Pedagogy and Big data

Cortexio takes a step into the future and begins with Machine Learning. The willingness has always existed, but not until now have we found the right partners. Together with researchers from Linnaeus University, we will start throwing around terms such as Big data , Machine learning , Data mining and Learning analytics . But what does all these terms mean?

The more learning activities that move out into cyberspace the more data is created. Every click, interval between clicks, scrolling etc. can be used to draw conclusions about users. In educational contexts, this data can be used to try to better understand and improve the learning process. Data collection and data analysis is also increasingly used by various companies to generate business intelligence to improve decision making. In higher education, data processing from digital tools has been used for some time to try to understand and adapt educational systems to the students’ ability. E.g. to improve human long-term storage of learned knowledge.

If you compare educational software with entertainment software, e.g. Spotify or Netflix, there is still some way to go in terms of applying data analysis to make predictions of what kind of information source would best suit a specific student to learn a specific new knowledge. The reasons why educational software development has not reached as far in terms of customer satisfaction in relation to recommendations may be due to several variables where one can imagine that the size of the smallest unit (eg a song in Spotify or a movie or a section of a series on Netflix ) matters. What also matters is the subjective ability of users to assess a knowledge unit’s value. One might, for example, imagine that it is easier to judge whether you think a song is good or bad, as the taste of music is something obviously subjective. On the other hand, judging the educational value of a video or a piece of text can be perceived as of as more difficult, since it might require a higher level of education in the specific field to assess the quality of the content (is it really factual?) and how it is presented (is there an easier way to explain this without missing essential facts?).

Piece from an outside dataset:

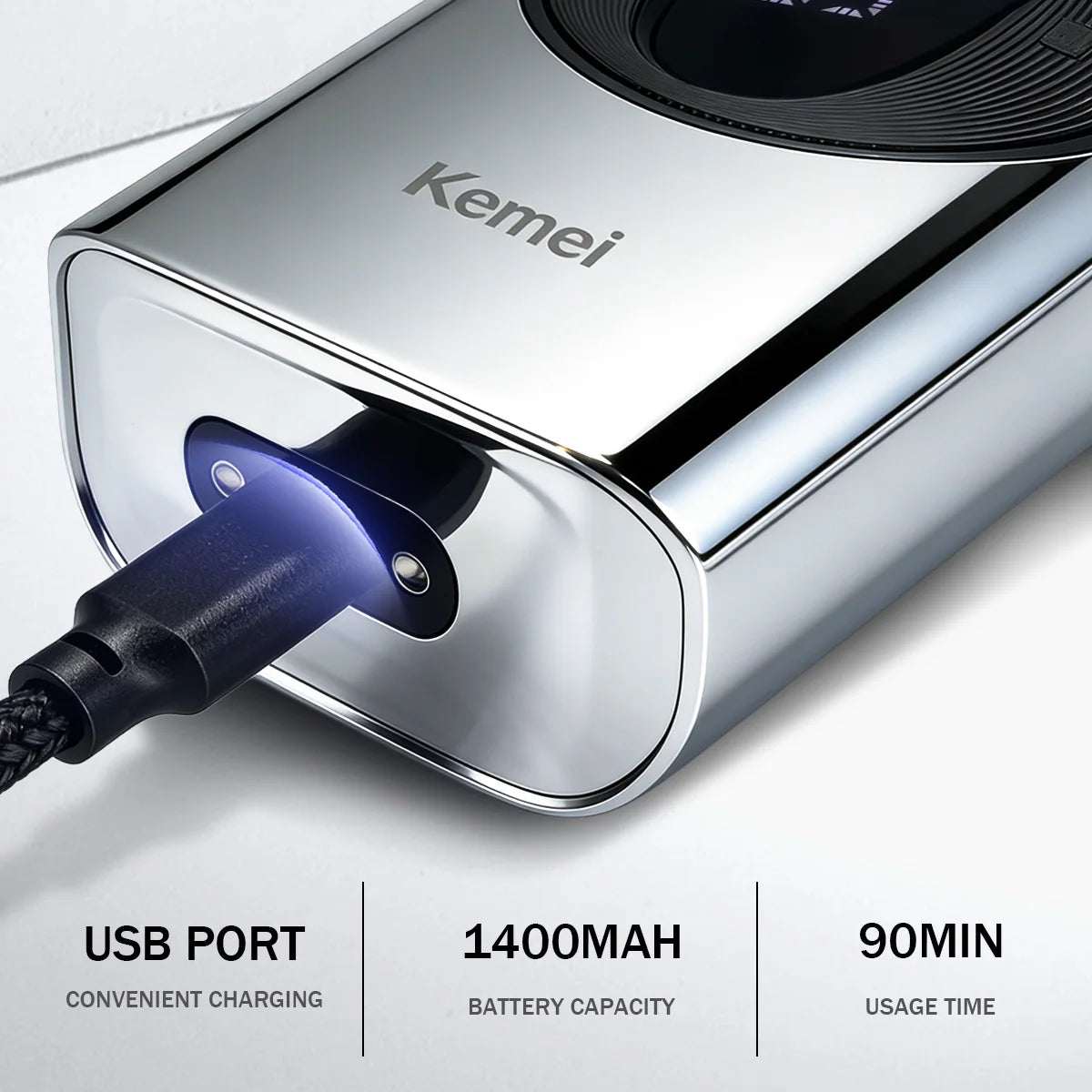Kemei Beard Trimmer Professional IPX7 2 IN 1 KM-397
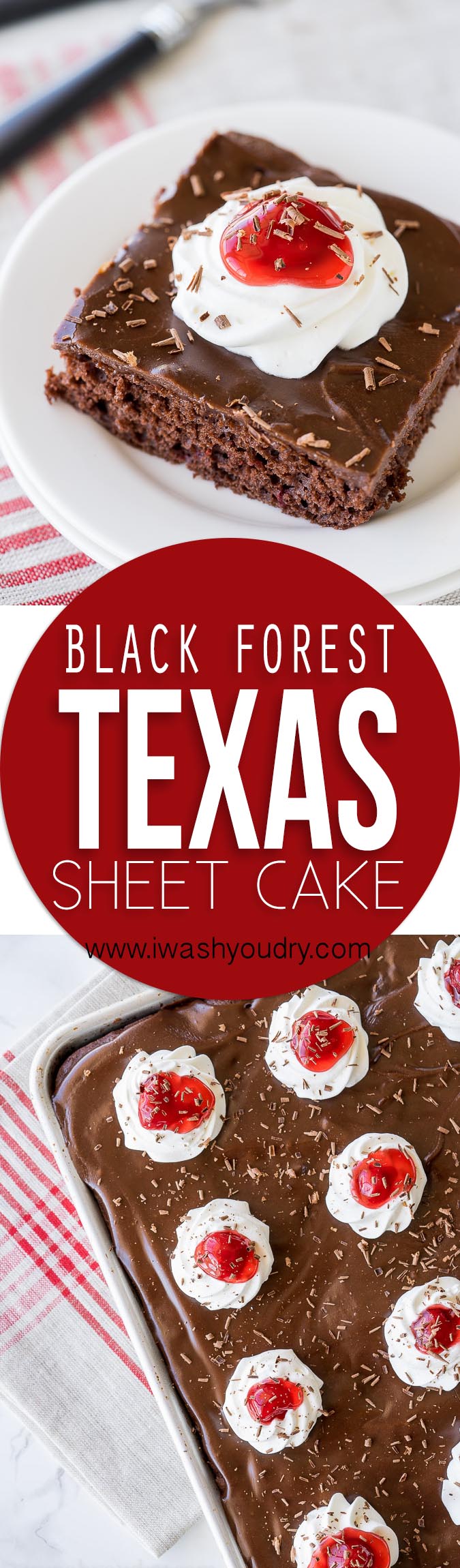 This Black Forest Texas Sheet Cake is seriously so good! I am usually pretty reserved when it comes to cake, but I had to go back for seconds on this one! This one is a keeper!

As big data, data collection and machine learning become popular concepts, there may be a point in distinguishing what you can actually do today from what can still be more in line with science fiction. Big data is perhaps the most popular of all these concepts and may be used so diligently precisely because it more or less lacks definition. Big data is used to describe amounts of data that exceed the amounts that can normally be handled by a database software. This means that the exact size from the beginning is vaguely defined and also constantly changes over time (as a regular database can handle ever larger amounts of information). Another general term used more and more is machine learning. Machine learning is a term used for data management. After collecting large amounts of data, one can draw conclusions about the population that gave rise to the data. By setting up formulas that can relate to previously collected data and evaluate and sort new data points based on this “older” data (somewhat simplified), a software can draw conclusions about a user based on their behavior. Furthermore, the formulas can become more and more accurate when this new data is also used to make the reference library even larger. This is called Machine learning.

Two other concepts used are Educational data mining and Learner analytics. The concepts can be distinguished in that data mining is used to try to develop new programs and apps based on collected data (what user behaviors exist and how could one build functionality to teach something in relation to these behaviors). Learner analytics then focuses on using known predictive algorithms and how to use them to increase learning, but still from a quantitative perspective. However, these concepts are relatively fuzzy and can in many ways go into each other.

Part of Data mining is User modeling. User modeling is about creating an image of specific users based on their click habits and behavior in a digital learning medium. One can then draw conclusions about what a user knows and does not know. What works as motivating forces on the user and how satisfied the user is with the functionality of the software. The data is retrieved live and at best, feedback can also be given to the user based on the user behavior live.

The user behavior can also be used to segment the users based on specific characteristics. The groups that the users are divided into can then lead to the different groups being able to receive adapted learning material based on expected wishes. In order to be able to make this type of content adaptation, relatively complicated algorithms are often required that take into account both the quality and quantity of the teaching material and the presentation form, etc. A more common and simpler form of data use that does not require automatic application of collected data is to display statistics on the user behavior for a teacher who can thus draw conclusions about their students’ progress and special needs in order to make efforts where needed.

The goal of Cortexio is to use all the data we can obtain to maximize learning per unit of time invested for each individual user. Depending on the user’s specific characteristics in terms of reading speed and memory capacity, the presentation of material must be adapted. This, to introduce one last term in the post, is what is called adaptive learning.

Over and out

Elias